Bug #47287 RBR: replication diff on basic case with txn- and non-txn tables in a statement
Submitted: 12 Sep 2009 21:06 Modified: 19 Dec 2009 11:22
Reporter: Elena Stepanova Email Updates:
Status: Closed Impact on me:
None 
Category:MySQL Server: Replication Severity:S2 (Serious)
Version:5.1.38, 5,1,39 OS:Any
Assigned to: Alfranio Correia CPU Architecture:Any
Tags: regression
Triage: Triaged: D2 (Serious) / R1 (None/Negligible) / E1 (None/Negligible)

[12 Sep 2009 21:06] Elena Stepanova
Description:
There was a recent regression (between 5.1.37 and 5.1.38) described in bug#46864: if a transaction contains a multi-row DML statement which involves both transactional and non-transactional engines, the statement fails, and the transaction is followed by a COMMIT, master and slave can end up with different table contents: the statement is correctly rolled back on master, but is applied on slave.

Similarly, if the binlog is used for recovery rather than for replication, the restored data also differs from the original contents.

The bug#46864 is about to be closed in 5.1.39, but it only fixes the problem with SBR, while it still exists for RBR (and MBR if the statement is such that it makes server switch to RBR).

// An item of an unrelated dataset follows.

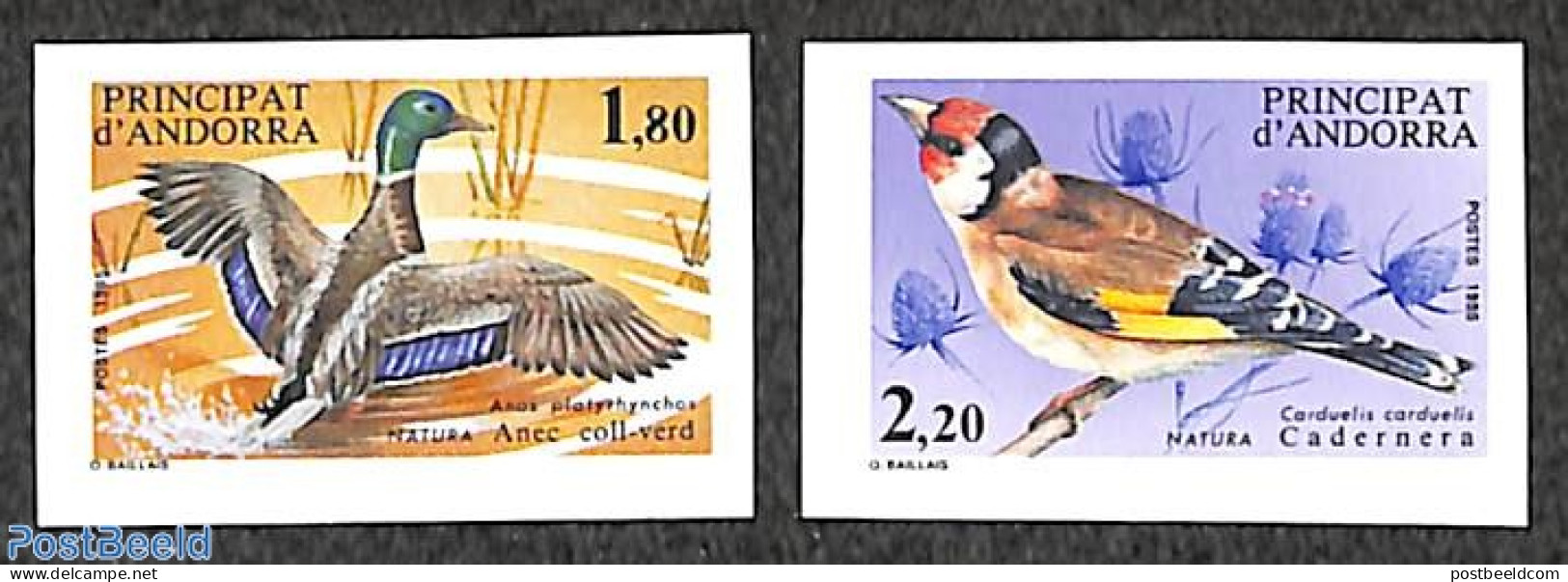 Andorra, French Post 1985 Birds 2v, Imperforated, Mint NH, Nature - Birds - Ducks - Neufs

The test case provided in 'how to repeat' section is the same as described in bug#46864, I only modified it so that it fails for both RBR and MBR, eliminated direct modification of auto-increment PK values (which is often said to be a bad thing to do), and made the key values in update more obvious. 

How to repeat:
# t/rpl_failure_rbr_mbr.test

source include/have_innodb.inc;
source include/master-slave.inc;

--disable_query_log
--disable_result_log

connection master;

--disable_warnings
drop database if exists tst;
--enable_warnings
create database tst;
use tst;

create table tb1(
  i1 int NOT NULL auto_increment, primary key (i1),
  i2 int unique key,
  f1 char (15)
) engine=innodb;

insert into tb1 ( i2, f1 ) values
(2,'init'),
(3,'init'),
(4,'init');

create table log (
  i1 int NOT NULL auto_increment, primary key (i1),
  entry_dsc char(100)
) engine=myisam;

delimiter //;
Create trigger tb1_upd after update on tb1 for each row
begin
  insert into log (entry_dsc)
  values (concat('Update row ', old.i1,' ', old.f1, '->', new.f1));
end//
delimiter ;//

set autocommit = 0;

--disable_abort_on_error
UPDATE tb1
SET i2 = i2-1, f1 = 'UPDATE' WHERE i2 in (2,4);
--enable_abort_on_error

commit;

--enable_query_log
--enable_result_log

--echo # On master:
select * from tb1;

sync_slave_with_master;

connection slave;
use tst;

--echo # On slave:
select * from tb1;

# end of t/rpl_failure_rbr_mbr.test

#----------------------------

Run the test above with binlog_format=row or mixed, e.g :

perl ./mysql-test-run.pl  --mysqld=--binlog_format=mixed rpl_failure_mbr_rbr

The test will produce the following output:

+# On master:
+select * from tb1;
+i1     i2      f1
+1      2       init
+2      3       init
+3      4       init
+use tst;
+# On slave:
+select * from tb1;
+i1     i2      f1
+1      1       UPDATE
+2      3       init
+3      4       init

Suggested fix:
There is an ongoing discussion which infers that the problem might never be fixed in 5.1. If such decision is taken, I suggest declaring in the documentation that a mix of txn- and non-txn engines in one statement is considered unsafe with any binlog format. 
As for now, in the scope of bug#28976 we are going to issue the following text in 5.1.39 changelog: 

(quote)

in statement-based logging mode ...

        3. A statement affecting both transactional and 
        non-transactional tables within a transaction is always
        considered unsafe. 

(end of quote)

Thus, we indirectly imply that in mixed- or row-based logging mode such statements are NOT considered unsafe.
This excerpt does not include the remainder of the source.